Please return every line of the records below that holds the word "Bottom".
*** Block opens ***
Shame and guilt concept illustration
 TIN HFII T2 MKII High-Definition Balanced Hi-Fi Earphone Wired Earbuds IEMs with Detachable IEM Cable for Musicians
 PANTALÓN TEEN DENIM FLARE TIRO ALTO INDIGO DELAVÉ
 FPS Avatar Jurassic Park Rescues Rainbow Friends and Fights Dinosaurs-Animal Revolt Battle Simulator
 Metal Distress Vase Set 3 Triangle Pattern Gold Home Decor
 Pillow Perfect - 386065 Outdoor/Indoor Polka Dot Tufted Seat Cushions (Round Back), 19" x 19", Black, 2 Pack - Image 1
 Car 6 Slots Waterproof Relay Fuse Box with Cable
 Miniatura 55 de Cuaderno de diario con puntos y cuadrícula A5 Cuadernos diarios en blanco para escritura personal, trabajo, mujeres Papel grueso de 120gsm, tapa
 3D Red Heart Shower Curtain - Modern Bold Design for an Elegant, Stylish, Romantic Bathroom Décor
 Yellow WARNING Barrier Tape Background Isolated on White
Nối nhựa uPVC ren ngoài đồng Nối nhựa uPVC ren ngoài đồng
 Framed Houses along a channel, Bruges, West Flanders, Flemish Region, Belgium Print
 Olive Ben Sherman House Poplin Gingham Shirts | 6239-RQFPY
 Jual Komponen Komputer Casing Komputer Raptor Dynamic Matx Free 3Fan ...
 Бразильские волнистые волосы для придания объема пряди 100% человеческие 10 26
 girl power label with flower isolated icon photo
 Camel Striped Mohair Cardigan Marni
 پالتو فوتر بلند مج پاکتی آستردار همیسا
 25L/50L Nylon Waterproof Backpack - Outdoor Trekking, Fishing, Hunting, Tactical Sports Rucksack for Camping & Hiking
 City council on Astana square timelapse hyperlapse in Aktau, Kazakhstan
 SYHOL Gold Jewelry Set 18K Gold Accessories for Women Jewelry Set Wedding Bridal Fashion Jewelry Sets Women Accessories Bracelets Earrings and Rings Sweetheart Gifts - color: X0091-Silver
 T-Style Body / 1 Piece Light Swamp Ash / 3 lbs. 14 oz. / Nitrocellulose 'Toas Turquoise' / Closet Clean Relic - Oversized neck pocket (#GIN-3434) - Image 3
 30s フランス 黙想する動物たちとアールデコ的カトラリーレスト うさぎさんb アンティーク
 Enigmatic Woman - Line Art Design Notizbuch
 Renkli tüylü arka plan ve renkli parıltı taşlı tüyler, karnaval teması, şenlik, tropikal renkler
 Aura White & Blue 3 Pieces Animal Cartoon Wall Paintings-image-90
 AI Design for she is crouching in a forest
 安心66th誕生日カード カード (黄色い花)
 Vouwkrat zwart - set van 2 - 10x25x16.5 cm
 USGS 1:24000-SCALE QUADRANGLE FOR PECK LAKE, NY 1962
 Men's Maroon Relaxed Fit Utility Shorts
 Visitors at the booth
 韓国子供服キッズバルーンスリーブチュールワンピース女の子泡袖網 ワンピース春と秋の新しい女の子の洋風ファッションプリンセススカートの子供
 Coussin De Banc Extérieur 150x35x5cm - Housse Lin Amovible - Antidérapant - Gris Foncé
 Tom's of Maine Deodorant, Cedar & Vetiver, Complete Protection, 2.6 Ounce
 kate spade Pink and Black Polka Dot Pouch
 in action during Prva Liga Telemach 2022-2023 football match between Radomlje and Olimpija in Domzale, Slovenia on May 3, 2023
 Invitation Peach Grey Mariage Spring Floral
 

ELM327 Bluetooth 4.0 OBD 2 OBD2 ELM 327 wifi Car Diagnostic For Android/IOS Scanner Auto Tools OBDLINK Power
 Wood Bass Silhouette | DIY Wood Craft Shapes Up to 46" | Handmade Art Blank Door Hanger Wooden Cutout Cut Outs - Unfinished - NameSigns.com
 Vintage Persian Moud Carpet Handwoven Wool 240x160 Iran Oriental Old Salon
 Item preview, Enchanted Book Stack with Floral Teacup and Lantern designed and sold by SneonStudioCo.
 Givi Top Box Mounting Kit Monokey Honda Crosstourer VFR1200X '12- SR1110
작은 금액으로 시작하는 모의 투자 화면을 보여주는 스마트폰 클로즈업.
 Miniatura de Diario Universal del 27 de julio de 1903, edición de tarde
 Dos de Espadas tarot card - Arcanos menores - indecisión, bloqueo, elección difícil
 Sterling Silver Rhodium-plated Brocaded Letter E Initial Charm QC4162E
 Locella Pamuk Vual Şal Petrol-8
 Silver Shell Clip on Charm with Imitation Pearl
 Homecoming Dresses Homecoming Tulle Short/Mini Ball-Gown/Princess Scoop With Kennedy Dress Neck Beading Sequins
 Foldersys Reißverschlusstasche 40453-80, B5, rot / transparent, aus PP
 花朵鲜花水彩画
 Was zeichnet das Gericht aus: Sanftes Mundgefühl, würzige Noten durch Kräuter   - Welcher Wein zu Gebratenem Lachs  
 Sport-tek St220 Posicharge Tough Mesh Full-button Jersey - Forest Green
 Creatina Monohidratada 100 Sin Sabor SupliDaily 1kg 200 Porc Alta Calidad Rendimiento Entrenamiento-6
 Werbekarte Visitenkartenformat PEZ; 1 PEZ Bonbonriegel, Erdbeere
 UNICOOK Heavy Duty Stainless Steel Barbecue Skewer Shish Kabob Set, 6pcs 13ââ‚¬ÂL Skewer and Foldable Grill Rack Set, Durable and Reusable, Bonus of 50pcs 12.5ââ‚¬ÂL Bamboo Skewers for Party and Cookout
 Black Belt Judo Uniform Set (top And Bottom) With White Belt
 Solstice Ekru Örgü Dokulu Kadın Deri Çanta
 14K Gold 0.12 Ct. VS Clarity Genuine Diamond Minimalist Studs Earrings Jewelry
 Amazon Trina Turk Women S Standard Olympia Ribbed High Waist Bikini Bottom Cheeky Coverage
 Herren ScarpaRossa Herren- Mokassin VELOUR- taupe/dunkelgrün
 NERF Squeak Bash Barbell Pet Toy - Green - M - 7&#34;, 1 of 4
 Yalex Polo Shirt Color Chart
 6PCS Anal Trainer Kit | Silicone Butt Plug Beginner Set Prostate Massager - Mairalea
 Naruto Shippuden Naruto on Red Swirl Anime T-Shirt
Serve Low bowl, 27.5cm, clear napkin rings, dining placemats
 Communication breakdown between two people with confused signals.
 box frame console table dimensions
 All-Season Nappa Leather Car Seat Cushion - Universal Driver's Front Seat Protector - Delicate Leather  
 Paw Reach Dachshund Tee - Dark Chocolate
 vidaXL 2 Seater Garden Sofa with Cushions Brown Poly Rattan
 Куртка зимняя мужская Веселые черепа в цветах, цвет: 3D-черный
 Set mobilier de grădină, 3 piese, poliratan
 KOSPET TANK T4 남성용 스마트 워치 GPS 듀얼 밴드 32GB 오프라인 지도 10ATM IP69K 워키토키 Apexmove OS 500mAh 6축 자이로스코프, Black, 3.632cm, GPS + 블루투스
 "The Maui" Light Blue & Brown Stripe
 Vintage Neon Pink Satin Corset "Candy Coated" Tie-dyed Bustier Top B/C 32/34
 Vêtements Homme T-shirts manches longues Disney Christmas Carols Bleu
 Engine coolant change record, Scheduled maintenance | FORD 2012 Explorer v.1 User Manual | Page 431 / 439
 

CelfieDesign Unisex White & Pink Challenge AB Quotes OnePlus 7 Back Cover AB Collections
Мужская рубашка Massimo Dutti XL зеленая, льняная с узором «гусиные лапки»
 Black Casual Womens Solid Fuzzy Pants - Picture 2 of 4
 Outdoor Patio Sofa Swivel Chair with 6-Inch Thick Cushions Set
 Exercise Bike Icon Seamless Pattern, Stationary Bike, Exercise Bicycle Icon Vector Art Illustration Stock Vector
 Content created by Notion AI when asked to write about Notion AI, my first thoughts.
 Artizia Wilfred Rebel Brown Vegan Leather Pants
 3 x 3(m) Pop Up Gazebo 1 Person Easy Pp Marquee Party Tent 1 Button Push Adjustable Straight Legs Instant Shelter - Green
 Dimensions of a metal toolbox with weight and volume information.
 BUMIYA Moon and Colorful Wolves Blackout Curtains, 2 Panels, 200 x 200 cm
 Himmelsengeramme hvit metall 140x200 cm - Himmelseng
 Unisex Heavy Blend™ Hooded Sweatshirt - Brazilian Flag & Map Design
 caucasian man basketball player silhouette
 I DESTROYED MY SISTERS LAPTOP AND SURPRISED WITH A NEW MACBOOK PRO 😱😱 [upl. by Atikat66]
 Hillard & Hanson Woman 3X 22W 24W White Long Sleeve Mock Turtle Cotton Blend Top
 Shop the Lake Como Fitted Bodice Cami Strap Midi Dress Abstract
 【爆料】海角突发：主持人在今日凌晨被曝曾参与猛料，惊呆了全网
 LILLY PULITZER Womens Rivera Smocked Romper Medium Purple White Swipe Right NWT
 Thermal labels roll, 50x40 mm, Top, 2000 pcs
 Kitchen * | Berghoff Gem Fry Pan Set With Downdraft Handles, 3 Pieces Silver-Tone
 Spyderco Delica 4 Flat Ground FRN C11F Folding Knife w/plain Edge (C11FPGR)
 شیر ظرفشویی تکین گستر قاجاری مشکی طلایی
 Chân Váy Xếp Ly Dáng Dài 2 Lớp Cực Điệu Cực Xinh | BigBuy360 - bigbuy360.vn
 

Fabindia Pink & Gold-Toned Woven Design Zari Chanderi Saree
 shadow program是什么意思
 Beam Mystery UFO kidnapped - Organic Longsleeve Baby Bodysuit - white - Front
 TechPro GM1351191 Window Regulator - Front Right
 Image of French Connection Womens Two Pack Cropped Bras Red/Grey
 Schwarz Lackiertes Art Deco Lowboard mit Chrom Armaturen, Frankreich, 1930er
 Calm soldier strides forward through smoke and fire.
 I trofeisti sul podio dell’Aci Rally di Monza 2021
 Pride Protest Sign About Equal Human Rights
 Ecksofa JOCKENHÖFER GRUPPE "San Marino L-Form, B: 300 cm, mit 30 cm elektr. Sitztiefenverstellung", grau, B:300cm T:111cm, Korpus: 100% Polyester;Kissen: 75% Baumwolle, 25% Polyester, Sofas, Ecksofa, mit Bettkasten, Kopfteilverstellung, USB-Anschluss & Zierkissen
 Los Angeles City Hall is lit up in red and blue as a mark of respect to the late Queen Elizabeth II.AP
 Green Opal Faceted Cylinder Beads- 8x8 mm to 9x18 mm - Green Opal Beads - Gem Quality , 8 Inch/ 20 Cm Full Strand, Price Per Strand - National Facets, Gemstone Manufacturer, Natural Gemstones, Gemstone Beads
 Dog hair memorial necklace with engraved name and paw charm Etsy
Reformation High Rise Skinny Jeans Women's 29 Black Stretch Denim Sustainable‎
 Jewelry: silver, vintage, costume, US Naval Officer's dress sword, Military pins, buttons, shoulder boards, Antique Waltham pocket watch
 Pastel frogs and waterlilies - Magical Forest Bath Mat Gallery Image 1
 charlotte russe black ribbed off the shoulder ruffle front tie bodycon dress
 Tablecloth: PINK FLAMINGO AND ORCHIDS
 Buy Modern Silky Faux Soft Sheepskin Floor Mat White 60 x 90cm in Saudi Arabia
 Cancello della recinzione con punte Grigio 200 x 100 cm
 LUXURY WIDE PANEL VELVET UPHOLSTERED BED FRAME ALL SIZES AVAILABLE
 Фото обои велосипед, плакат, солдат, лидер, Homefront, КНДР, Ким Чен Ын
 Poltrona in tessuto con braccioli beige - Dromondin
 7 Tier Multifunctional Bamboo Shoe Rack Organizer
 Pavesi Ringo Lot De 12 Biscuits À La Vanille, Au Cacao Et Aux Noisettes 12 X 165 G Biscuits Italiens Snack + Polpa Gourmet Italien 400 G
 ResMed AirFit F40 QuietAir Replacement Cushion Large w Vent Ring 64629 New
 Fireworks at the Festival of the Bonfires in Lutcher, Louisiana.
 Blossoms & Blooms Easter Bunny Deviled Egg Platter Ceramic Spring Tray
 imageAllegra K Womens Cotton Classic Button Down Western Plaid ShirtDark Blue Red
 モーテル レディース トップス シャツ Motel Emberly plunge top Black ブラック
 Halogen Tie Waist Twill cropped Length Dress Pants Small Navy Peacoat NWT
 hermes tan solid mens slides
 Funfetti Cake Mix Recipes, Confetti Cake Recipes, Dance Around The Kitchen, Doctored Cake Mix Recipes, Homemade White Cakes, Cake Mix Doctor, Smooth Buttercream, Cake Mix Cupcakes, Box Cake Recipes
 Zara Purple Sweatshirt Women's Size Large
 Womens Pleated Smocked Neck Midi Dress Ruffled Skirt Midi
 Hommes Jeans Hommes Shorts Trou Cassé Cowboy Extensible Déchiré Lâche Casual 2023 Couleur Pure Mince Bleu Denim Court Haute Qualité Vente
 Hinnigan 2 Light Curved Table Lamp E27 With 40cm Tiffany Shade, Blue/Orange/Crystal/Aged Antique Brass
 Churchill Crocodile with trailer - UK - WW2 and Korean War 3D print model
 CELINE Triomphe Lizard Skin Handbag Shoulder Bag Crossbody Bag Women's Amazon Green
*** Block closes ***
#### Response for this exercise:
 Black Belt Judo Uniform Set (top And Bottom) With White Belt
 Amazon Trina Turk Women S Standard Olympia Ribbed High Waist Bikini Bottom Cheeky Coverage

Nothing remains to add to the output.